┌─ Supplied records

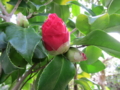 20140316164058
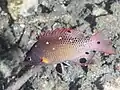 若魚。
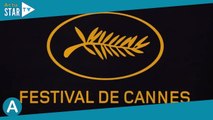 Cannes 2023 : Une Française remporte la Palme d'or, découvrez le palmarès complet !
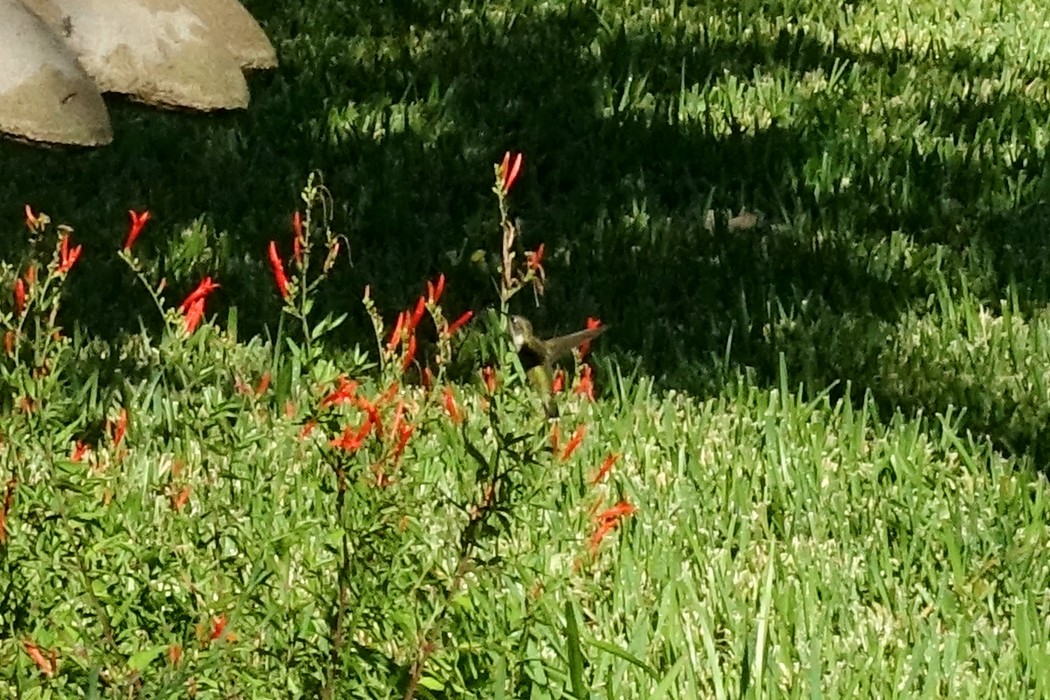 Colibrí Gorjirrubí - ML484993061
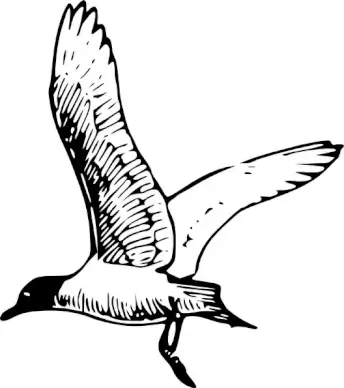 Franklins Gull clip art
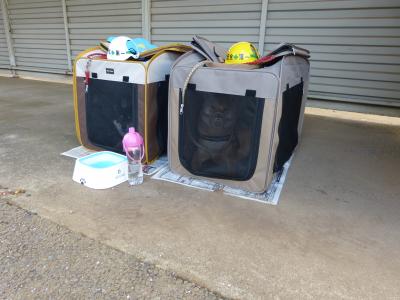 ペット避難・飼育場所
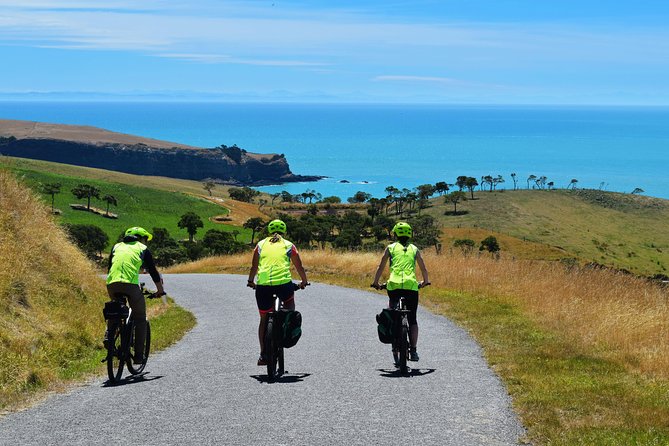 Lava Loop- Guided electric mountain bike tour in Akaroa - The Views Versus the Physical Work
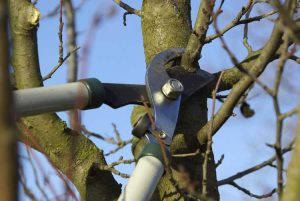 Lire la suite à propos de l’article Taille des arbres fruitiers : comment et quand tailler les arbres fruitiers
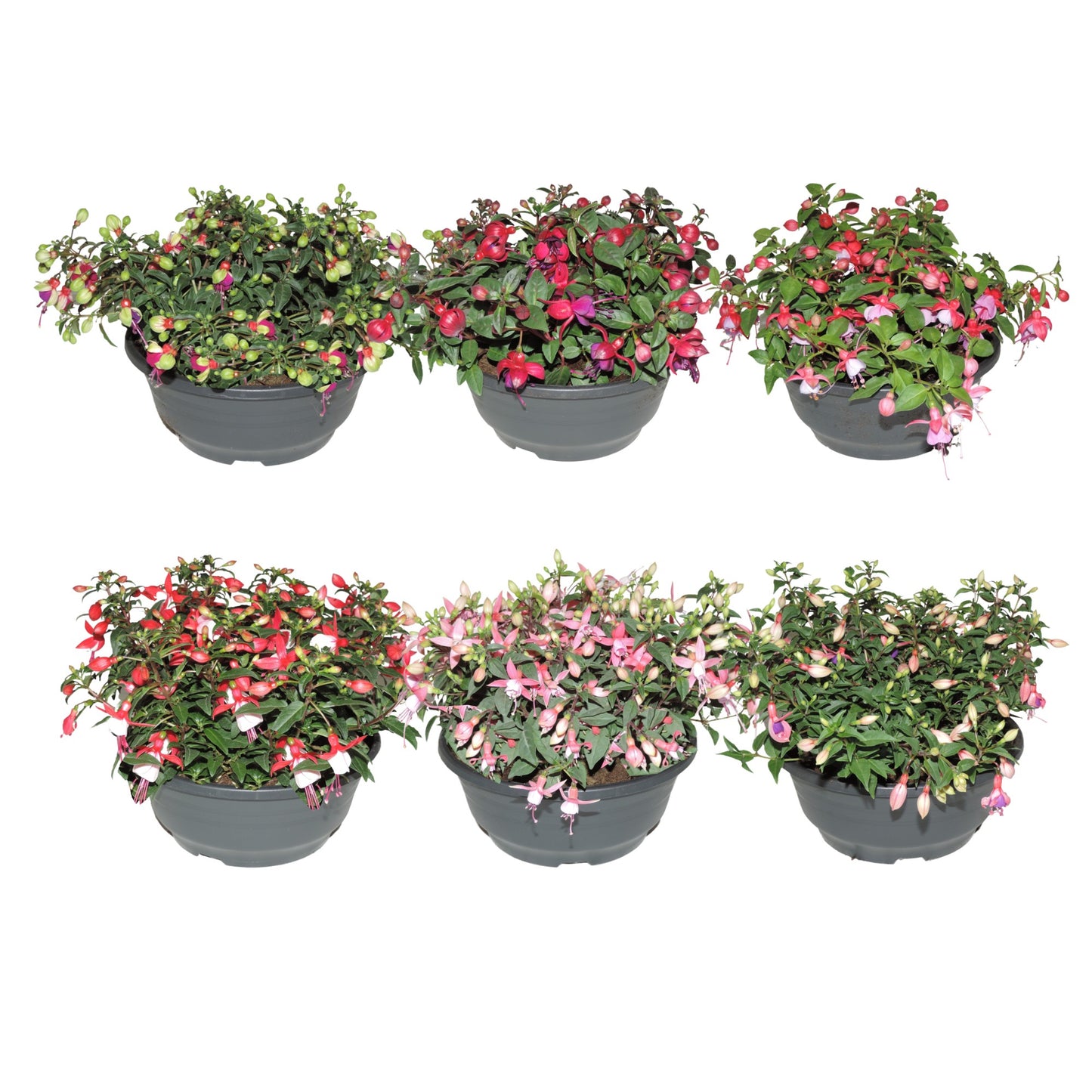 Fuchsia Bella mix 25cm 23cm Pot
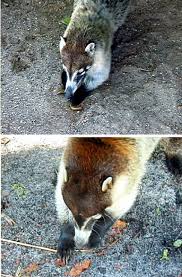 Image result for Rapid Alternating Movements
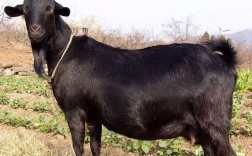 云南养的羊是什么品种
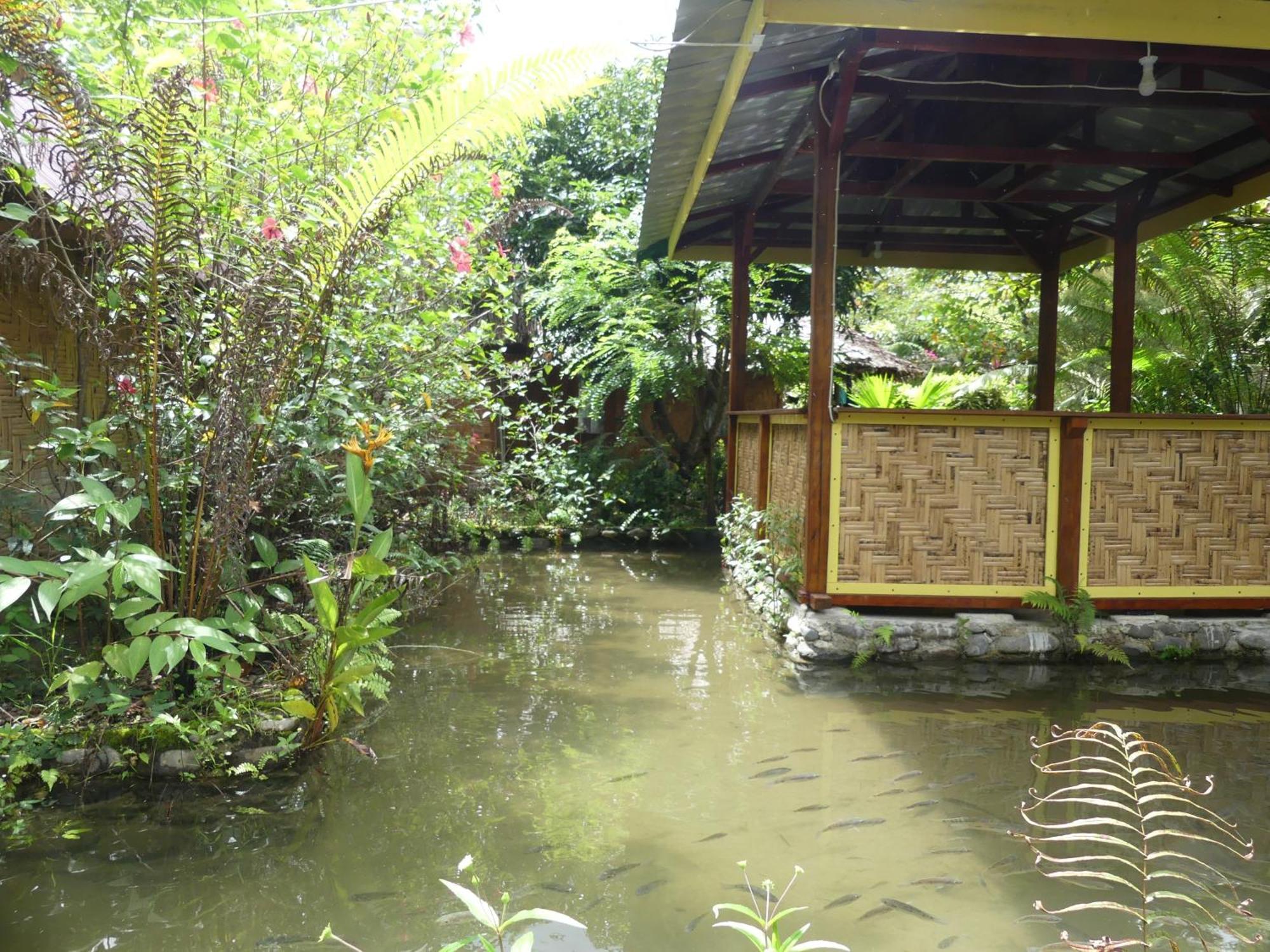 Magpie Homestay & Jungle Trekking Especially For Guest Trekking With Us Букит Лаванг Стая снимка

└─

Starting at the line with "Fuchsia Bella mix 25cm 23cm Pot", output each line through the final one of the listing above, and nothing else. Pictures are to be left out.

→ Expected output:
 Fuchsia Bella mix 25cm 23cm Pot
 Image result for Rapid Alternating Movements
 云南养的羊是什么品种
 Magpie Homestay & Jungle Trekking Especially For Guest Trekking With Us Букит Лаванг Стая снимка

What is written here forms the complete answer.